Back in January of this year, microprocessor giant Intel (NASDAQ:INTC) launched the Core i7-7700K, a quad-core chip based on its Kaby Lake architecture targeted specifically at the PC enthusiast and gaming crowd. That crowd isn't a large part of the personal-computer market, but it's one that has been experiencing phenomenal growth for quite a while now. 

The chip was largely viewed as an incremental improvement from its prior-generation Core i7-6700K chip, based on the Skylake architecture. The 7700K ran at faster speeds out of the box and could be pushed to higher peak speeds through user tweaking than the quad-core Core i7-6700K could hit.

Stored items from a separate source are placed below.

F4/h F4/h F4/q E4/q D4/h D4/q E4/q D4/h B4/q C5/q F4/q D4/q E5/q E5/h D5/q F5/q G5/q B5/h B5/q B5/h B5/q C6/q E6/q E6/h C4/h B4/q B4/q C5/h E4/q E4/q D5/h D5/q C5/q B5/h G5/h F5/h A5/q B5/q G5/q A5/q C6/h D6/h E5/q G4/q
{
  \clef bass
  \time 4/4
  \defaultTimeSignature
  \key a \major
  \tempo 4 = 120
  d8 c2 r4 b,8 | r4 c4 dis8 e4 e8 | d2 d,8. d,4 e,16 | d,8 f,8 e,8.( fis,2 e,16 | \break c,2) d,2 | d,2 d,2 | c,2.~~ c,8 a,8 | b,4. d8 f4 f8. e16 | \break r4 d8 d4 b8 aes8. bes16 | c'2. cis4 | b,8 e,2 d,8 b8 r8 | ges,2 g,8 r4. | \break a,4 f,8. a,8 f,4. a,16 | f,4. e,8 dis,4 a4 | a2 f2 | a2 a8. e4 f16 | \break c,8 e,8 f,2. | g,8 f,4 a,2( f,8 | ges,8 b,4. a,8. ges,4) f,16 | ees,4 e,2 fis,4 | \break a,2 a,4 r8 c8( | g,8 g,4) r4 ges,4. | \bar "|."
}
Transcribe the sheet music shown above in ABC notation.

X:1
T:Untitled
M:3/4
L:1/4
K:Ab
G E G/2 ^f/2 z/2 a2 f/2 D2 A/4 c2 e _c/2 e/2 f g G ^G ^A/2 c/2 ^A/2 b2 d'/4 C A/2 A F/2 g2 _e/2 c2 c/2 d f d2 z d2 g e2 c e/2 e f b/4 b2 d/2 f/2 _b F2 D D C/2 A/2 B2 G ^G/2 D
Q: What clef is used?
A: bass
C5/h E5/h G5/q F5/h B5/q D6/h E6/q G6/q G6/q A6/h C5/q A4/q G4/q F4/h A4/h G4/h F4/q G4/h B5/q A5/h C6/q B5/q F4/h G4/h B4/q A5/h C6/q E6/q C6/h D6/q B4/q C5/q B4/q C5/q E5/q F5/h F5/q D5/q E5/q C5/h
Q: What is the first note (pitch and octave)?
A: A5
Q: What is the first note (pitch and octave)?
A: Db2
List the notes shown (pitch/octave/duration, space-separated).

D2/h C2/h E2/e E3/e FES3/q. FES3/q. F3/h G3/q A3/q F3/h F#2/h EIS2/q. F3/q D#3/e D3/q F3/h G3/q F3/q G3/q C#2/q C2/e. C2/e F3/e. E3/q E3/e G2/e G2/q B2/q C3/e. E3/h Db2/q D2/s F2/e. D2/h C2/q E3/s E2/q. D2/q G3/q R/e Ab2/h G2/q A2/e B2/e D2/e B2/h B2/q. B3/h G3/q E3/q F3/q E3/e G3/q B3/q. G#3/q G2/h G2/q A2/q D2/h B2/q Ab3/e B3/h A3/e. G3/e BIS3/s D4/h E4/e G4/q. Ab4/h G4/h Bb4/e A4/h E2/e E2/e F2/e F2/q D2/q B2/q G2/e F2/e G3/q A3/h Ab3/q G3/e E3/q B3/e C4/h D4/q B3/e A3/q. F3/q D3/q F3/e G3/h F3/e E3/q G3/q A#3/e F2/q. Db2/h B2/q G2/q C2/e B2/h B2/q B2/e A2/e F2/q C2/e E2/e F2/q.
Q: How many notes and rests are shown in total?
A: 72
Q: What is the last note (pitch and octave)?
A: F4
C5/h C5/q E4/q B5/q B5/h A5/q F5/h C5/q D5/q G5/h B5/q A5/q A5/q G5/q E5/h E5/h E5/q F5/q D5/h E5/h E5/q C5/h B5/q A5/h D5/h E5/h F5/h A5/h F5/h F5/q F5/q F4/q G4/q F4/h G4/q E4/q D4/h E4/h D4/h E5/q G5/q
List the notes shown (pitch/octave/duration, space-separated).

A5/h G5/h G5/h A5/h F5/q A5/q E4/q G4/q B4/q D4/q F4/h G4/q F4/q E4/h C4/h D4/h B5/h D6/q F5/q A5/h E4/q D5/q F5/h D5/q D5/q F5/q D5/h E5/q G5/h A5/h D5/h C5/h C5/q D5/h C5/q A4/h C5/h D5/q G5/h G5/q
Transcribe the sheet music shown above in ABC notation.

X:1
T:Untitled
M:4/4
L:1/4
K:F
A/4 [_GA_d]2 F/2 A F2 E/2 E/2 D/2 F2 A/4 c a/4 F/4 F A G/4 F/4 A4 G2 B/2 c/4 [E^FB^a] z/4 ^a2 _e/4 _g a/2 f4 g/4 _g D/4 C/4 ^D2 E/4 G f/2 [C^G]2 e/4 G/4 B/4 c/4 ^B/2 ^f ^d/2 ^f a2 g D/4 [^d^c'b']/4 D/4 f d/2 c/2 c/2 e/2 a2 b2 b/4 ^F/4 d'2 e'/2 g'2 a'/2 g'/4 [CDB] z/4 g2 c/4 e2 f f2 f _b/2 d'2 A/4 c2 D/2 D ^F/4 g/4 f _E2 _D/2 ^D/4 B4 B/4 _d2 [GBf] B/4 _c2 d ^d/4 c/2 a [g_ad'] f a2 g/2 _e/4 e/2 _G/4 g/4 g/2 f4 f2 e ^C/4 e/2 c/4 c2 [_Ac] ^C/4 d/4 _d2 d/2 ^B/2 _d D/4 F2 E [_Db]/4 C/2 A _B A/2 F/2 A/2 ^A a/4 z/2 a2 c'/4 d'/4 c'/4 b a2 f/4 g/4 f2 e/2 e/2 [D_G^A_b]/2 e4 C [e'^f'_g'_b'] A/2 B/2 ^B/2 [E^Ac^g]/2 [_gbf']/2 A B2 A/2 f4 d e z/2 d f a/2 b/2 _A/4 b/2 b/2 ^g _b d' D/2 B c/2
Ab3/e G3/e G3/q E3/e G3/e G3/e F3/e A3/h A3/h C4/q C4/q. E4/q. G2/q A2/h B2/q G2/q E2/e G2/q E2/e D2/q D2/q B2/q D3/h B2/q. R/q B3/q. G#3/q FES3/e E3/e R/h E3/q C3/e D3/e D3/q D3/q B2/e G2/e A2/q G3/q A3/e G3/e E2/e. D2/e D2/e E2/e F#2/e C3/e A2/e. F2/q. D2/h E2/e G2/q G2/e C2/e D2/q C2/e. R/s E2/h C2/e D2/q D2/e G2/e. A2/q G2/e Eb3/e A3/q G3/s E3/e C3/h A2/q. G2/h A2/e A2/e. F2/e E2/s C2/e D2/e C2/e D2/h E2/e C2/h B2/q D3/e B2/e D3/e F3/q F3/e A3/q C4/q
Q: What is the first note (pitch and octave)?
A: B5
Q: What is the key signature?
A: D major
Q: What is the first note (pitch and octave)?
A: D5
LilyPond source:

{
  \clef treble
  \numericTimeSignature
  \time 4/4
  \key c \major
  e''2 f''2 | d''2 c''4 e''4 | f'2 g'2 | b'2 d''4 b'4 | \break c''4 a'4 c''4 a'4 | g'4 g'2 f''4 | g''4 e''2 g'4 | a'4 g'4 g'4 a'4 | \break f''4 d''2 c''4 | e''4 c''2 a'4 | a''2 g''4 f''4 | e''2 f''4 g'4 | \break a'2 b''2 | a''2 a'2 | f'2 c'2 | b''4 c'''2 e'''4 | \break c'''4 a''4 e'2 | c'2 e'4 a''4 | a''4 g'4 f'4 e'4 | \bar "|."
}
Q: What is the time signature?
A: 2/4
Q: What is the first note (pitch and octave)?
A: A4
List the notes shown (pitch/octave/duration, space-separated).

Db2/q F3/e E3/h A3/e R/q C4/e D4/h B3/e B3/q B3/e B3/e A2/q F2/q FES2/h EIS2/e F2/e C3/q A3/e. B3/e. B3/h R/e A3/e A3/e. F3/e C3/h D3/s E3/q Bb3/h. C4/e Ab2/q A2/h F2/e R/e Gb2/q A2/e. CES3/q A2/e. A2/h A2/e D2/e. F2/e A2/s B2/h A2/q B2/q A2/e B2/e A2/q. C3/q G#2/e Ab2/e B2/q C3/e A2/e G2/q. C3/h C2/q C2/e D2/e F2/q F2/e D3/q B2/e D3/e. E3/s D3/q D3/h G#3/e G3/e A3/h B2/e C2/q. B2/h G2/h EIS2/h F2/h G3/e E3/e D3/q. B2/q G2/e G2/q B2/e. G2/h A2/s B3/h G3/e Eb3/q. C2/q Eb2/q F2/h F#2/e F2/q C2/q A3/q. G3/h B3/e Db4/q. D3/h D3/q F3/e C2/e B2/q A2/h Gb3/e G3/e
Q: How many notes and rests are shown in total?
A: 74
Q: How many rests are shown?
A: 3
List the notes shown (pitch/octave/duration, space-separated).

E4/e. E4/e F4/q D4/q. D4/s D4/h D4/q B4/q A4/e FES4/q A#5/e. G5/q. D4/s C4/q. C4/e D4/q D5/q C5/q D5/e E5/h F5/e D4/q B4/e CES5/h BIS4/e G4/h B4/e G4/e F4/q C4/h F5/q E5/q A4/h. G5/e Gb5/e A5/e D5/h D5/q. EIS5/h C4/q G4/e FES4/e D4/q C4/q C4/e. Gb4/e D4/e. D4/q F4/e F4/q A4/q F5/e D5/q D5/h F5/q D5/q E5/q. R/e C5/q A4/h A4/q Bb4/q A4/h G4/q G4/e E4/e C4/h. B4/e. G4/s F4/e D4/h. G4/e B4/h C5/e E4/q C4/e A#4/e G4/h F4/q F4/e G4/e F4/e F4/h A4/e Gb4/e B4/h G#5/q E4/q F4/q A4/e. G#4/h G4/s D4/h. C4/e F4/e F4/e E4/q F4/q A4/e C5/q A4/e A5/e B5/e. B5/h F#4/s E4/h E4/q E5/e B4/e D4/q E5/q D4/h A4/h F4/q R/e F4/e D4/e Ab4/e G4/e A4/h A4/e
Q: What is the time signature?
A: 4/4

An Intel eighth-generation Core chip.

Image source: Intel.

However, in what appears to be a bid to cope with intensifying competition in the enthusiast and gaming desktop market, Intel has accelerated the schedule of its Coffee Lake-based desktop processors.

Coffee Lake should come in configurations with up to six cores and, based on the various leaks that have hit the web, should even push peak frequencies up a smidgen from what the 7700K could do, thanks to the use of an improved 14nm++ technology to build the chips.

According to what appears to be an inadvertent "leak" by PC builder Eurocom, Intel plans yet another increase in core count for the desktop version of the follow-on to Coffee Lake, known as Ice Lake.

After six comes eight

By way of VideoCardz, Eurocom says Intel is planning to launch new processors with eight physical cores, each of which supports two logical cores, for a total of 16 logical cores in the second half of 2018.

These parts are almost certainly going to be based on the company's Ice Lake architecture. Ice Lake is a new processor architecture manufactured in the company's upcoming 10nm+ technology. It's Intel's second-generation 10nm technology.

A modern processor is composed of hundreds of millions, if not billions, of transistors. Since Intel's 10nm technology should enable a dramatic reduction in the amount of area per transistor, it makes sense for Intel to toss in more cores.

Additional cores are easily understood selling points, particularly as the amount of performance per core in modern PC processors isn't going up by that much with each passing generation. The trick that Intel needs to pull off is to cram those extra cores into the chip while at a minimum holding the line in terms of per-core performance -- though, ideally, this would go up as well.

Intel had better get 10nm+ to work soon

It's no secret that Intel has struggled to bring its 10nm technology into mass production. Intel had originally planned to begin mass-producing chips using it by the end of 2015, but it's looking as if production won't start on the first generation of 10nm technology until the end of this year.

For Intel to successfully launch the Ice Lake parts in the second half of 2018 as planned, it'll need to work quickly to address the issues with its first-generation 10nm technology, so that the company's manufacturing technology development teams can throw their collective weight behind getting 10nm+ ramped up into production.

I hope Intel will provide investors with an update on the progress of its 10nm technologies and products on its upcoming earnings call, which will probably take place next month.